I think this could use a better name. How about something like
addSCCDefUsersToVALUWorklist?

2915–2916 ↗(On Diff #46051)

We should probably have a verifier check for this

2924–2925 ↗(On Diff #46051)

Why is this limited to branches? What if you had another user like a s_cselect? I would expect any user to need processing

lib/Target/AMDGPU/SIInstrInfo.td
252 ↗(On Diff #46051)

Extra space

855 ↗(On Diff #46051)

Commented out code

lib/Target/AMDGPU/SIInstructions.td
465 ↗(On Diff #46051)

Looks unnecessary

3118–3119 ↗(On Diff #46051)

This looks like the workaround for a tablegen bug with multiple outputs to reg_sequence. Maybe note that in a FIXME?

lib/Target/AMDGPU/SIRegisterInfo.cpp
413 ↗(On Diff #46051)

This should be the last in the array. The more common types should be first

test/CodeGen/AMDGPU/si-annotate-cf.ll
43–46 ↗(On Diff #46051)

Why this test change and the others like it?

test/CodeGen/AMDGPU/uniform-cfg.ll
362 ↗(On Diff #46051)

I think there should be a test where an icmp is the branch condition in a different block (there might be on here that I missed). One with the icmp used as the local branch's condition and another block's as well.

There are a few other perverse cases that might be nice to test, like branch condition on inline asm output.

mareko added a subscriber: mareko.Jan 27 2016, 3:10 AM

Is it this hardware bug handled properly?

Description: VCCZ bit corrupted by SMRD
Scope: SI+CI
Solution: Anytime a Scalar Memory read is issued, the shader compiler must assume that VCCZ is no longer valid AND cannot be loaded with a new value until all of the scalar memory reads have completed and returned their data, as guaranteed by inserting an S_WAITCNT LGKM_CNT(0) before issuing an instruction which updates VCCZ.

tstellarAMD marked 8 inline comments as done.Jan 29 2016, 9:11 AM
tstellarAMD added inline comments.
lib/Target/AMDGPU/SIFixSGPRLiveRanges.cpp
115 ↗(On Diff #46051)

You mean the assert should be inside the branch?

lib/Target/AMDGPU/SIInstrInfo.cpp
2924–2925 ↗(On Diff #46051)

If we don't limit this to branch instructions, then any instructions in the block which read scc will be moved to VALU, which we don't want.

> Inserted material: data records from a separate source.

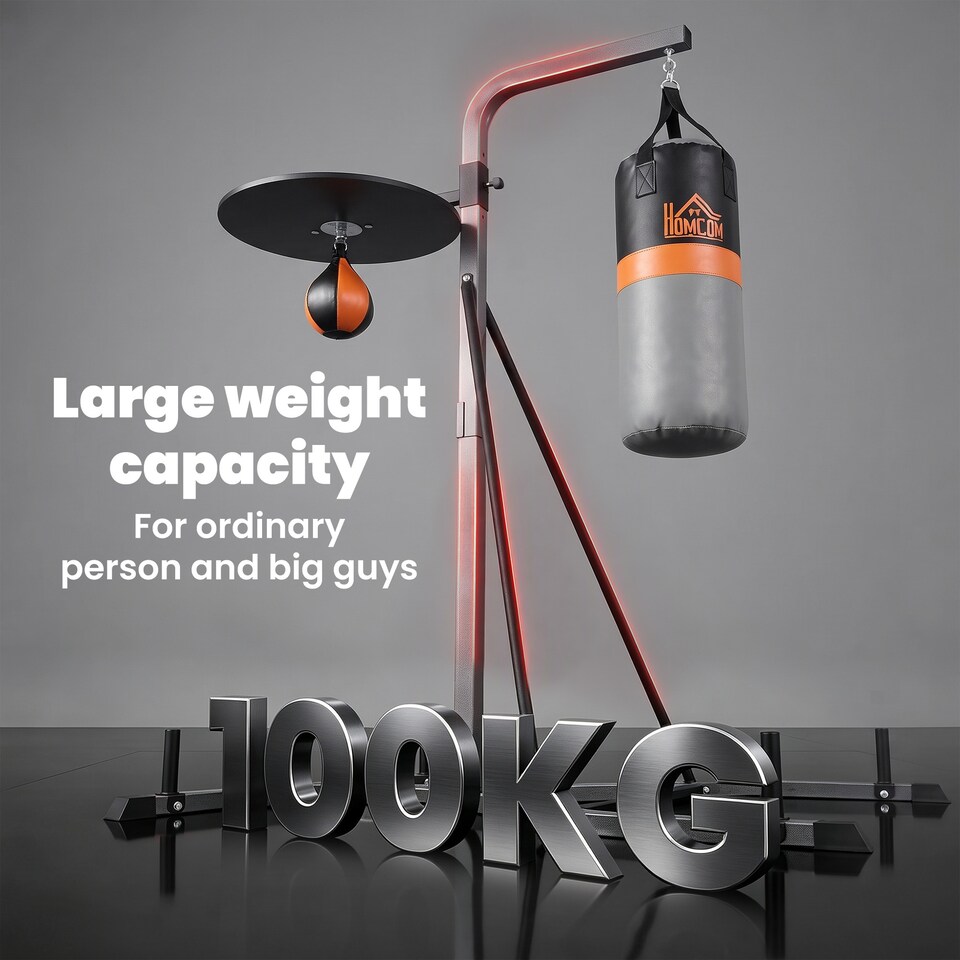 image 1 of HOMCOM Punchbag & Speedball Boxing Station w/ Freestanding Frame, Grey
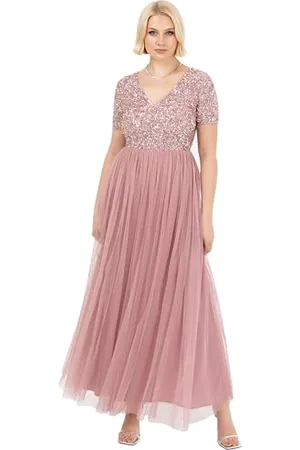 Maya Deluxe Damen-Maxikleid mit V-Ausschnitt, verziert, V-Ausschnitt, Kurze Ärmel, Empire-Taille, Abschlussball, Abschlussfeier, Brautjungfer, Hochzeitsgast, Rose, Größe 28, , 54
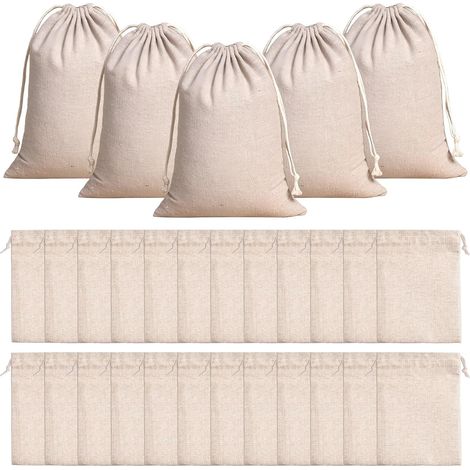 24 Pièces Petits Sacs en Tissu avec Cordon de Serrage, 15x20cm  Sacs en Coton à Cordon Coulissant Réutilisable,Pochette Tissus Cadeau, pour Anniversaire, Mariage, Fête d'enfant, Baptême (1/5)
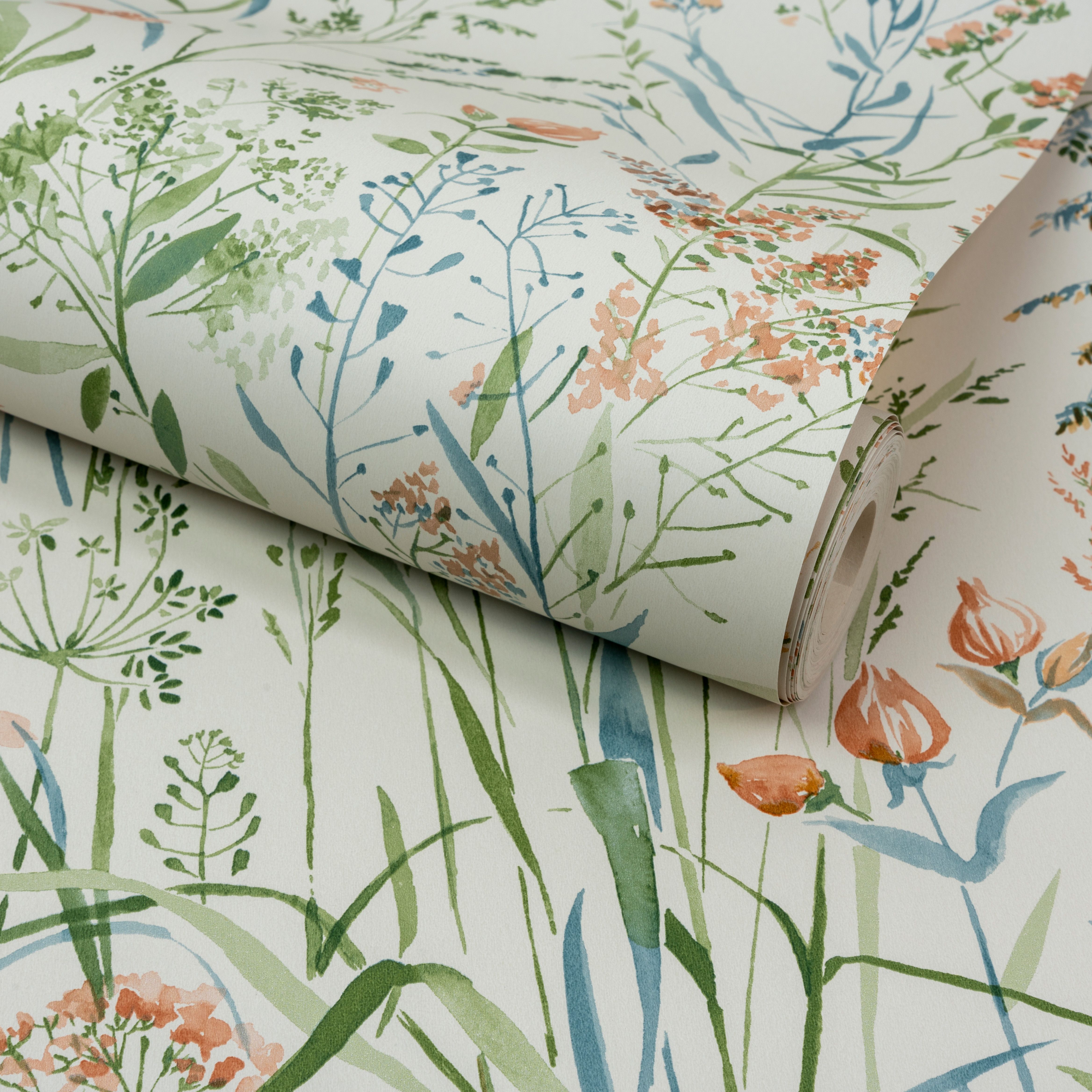 Grandeco Sage Summer meadow Vintage Smooth Wallpaper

For most instructions the decision to move them to the VALU is based on explicit uses. This function needs to handle the cases where changing and implicit uses would force the instruction to go to the VALU.

test/CodeGen/AMDGPU/si-annotate-cf.ll
43–46 ↗(On Diff #46051)

Most of the tests with branching assume divergent branches, but with these changes most branches are uniform, so I forced branches to be divergent in places where the test assumes divergence.

arsenm added inline comments.Jan 29 2016, 9:08 PM
lib/Target/AMDGPU/SIFixSGPRLiveRanges.cpp
115 ↗(On Diff #46051)

Actually since this is from getFirstTerminator, I think the MachineVerifier would already catch this so it's not important

lib/Target/AMDGPU/SIInstrInfo.cpp
2924–2925 ↗(On Diff #46051)

But if the SCC def instruction was moved, any non-branch users would also need to be moved. We don't want all SCC users, just the ones until the next SCC def which is what this loop does. I don't think being implicit avoids the problem of needing to move the users.

Also I think this function should be only called for isDef() below. I think this works because the def check is still done for the original def instruction, but is more work to follow. This will end up getting called twice if you happen to have an addc to branch on overflow which has both a use and a def, and it will end up moving more instructions from the use.

The loop should also probably start at SCCDefInst + 1 also.

tstellarAMD marked 7 inline comments as done.Feb 5 2016, 4:12 PM
arsenm added a comment.Feb 5 2016, 4:45 PM

Did you mean to attach a new patch?

tstellarAMD edited edge metadata.

Clean-up moving SCC users to VALU.

arsenm accepted this revision.Feb 9 2016, 3:24 PM
arsenm edited edge metadata.

LGTM

This revision is now accepted and ready to land.Feb 9 2016, 3:24 PM
This revision was automatically updated to reflect the committed changes.